Nexus — Imposition Statutes Versus Constitutional Limitations

Nexus is really a two-part inquiry. First, does the state impose a statutory filing obligation on the business? Second, is the business, despite the statute, protected from that filing obligation by the U.S. Constitution, either by the due process clause or commerce clause, or by a federal statute such as P.L. 86-272?2

This first step, a careful review of a state’s tax imposition statutes, is often overlooked because such statutes are generally written broadly and typically impose an income tax return filing obligation on any company that is “doing business” in the state or “deriving income” from sources within the state. For example, the Alabama corporate income tax is imposed on every “corporation doing business in Alabama or deriving income from sources within Alabama.”3 While imposition statutes have always been an appropriate first step in the tax nexus analysis, they have taken on greater importance in the overall nexus analysis post-Wayfair.

The second step in the nexus inquiry is the U.S. Constitution’s limits on a state’s taxing authority. This component of the inquiry is often litigated, and there is a line of Supreme Court case law providing a rough outline of its contours, which, for now, ends with the Wayfair decision.4

When considering the impact of Wayfair, the initial reaction may have been that it had very little effect on income tax nexus. Wayfair’s direct impact was eliminating the physical presence requirement and ushering in a new era of economic nexus for state sales and use taxes. But for years states have argued, often successfully, that the commerce clause physical presence rule was confined to sales and use taxes, and that state income tax nexus laws faced no such physical presence barrier.5 Some states have imposed a Wayfair-like economic presence income tax nexus standard for over two decades.6

Upon further reflection, Wayfair may also mark an expansion of state income tax nexus. Even though economic nexus is not new to the income tax arena, many states have not previously pursued the full extent of economic nexus. States have often limited their use of economic nexus to two categories of taxpayers: related-party intangible holding companies and financial institutions, such as credit card banks.7 While states have repeatedly argued that the physical presence rule did not apply to their income taxes, physical presence appears to have acted as a loose tether to the states, not stopping them at the bright line of physical presence but also not allowing the states to go too far past the line in most circumstances. States have been relatively passive internationally, generally not pursuing foreign companies that have U.S. customers but that lack U.S. permanent establishments and therefore do not file federal income tax returns. With Wayfair erasing the physical presence line, states may expand their imposition statutes, which may lead to an overreaching of state taxing authority. As a result, businesses will need to consider potential avenues of protection, including constitutional protection under the due process clause.

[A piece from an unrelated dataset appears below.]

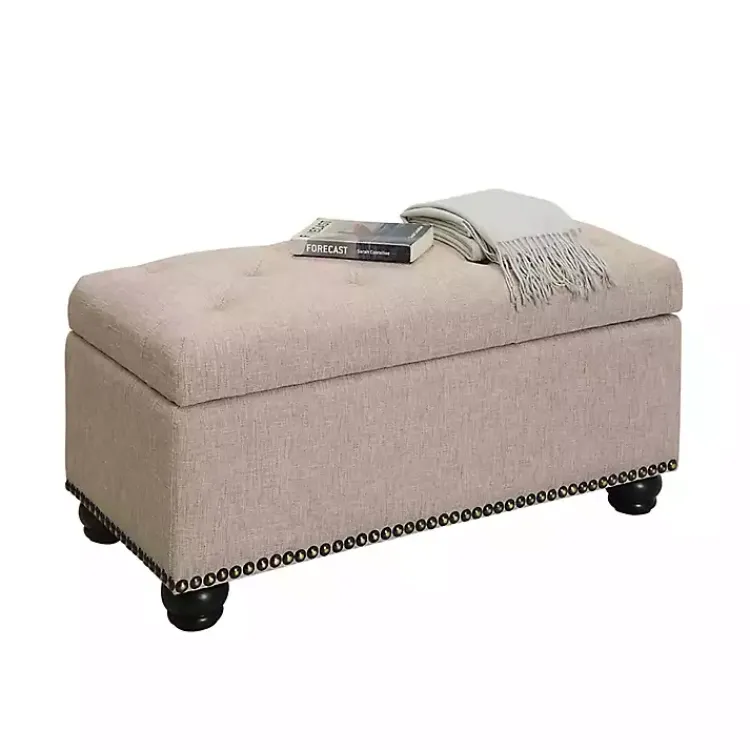 Kirklands Home Benches & Ottomans|Beige Tufted Jess Storage Ottoman Bench Tan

In the post-Wayfair world, there appears to be little, if any, practical difference between the due process clause’s minimum contacts standard and the commerce clause’s substantial nexus standard. Without the physical presence rule it becomes more difficult to find fact patterns that satisfy the due process minimum contacts standard but fail to satisfy the commerce clause substantial nexus standard. Perhaps the due process clause with its required “purposeful availment” of an in-state market is the rule that will control the nexus question into the future. If so, state income tax nexus has room to expand, but how far will the Constitution allow it to go?

The main post-Wayfair income tax nexus question is whether states will expand their imposition of economic nexus beyond related-party intangible holding companies and credit card banks to reach any type of business with a significant in-state market. All significant remote sellers, third-party owners of intangibles, and out-of-state service providers that deliver their products and services, often over the internet, to an in-state market should now be considering state income tax return filing obligations.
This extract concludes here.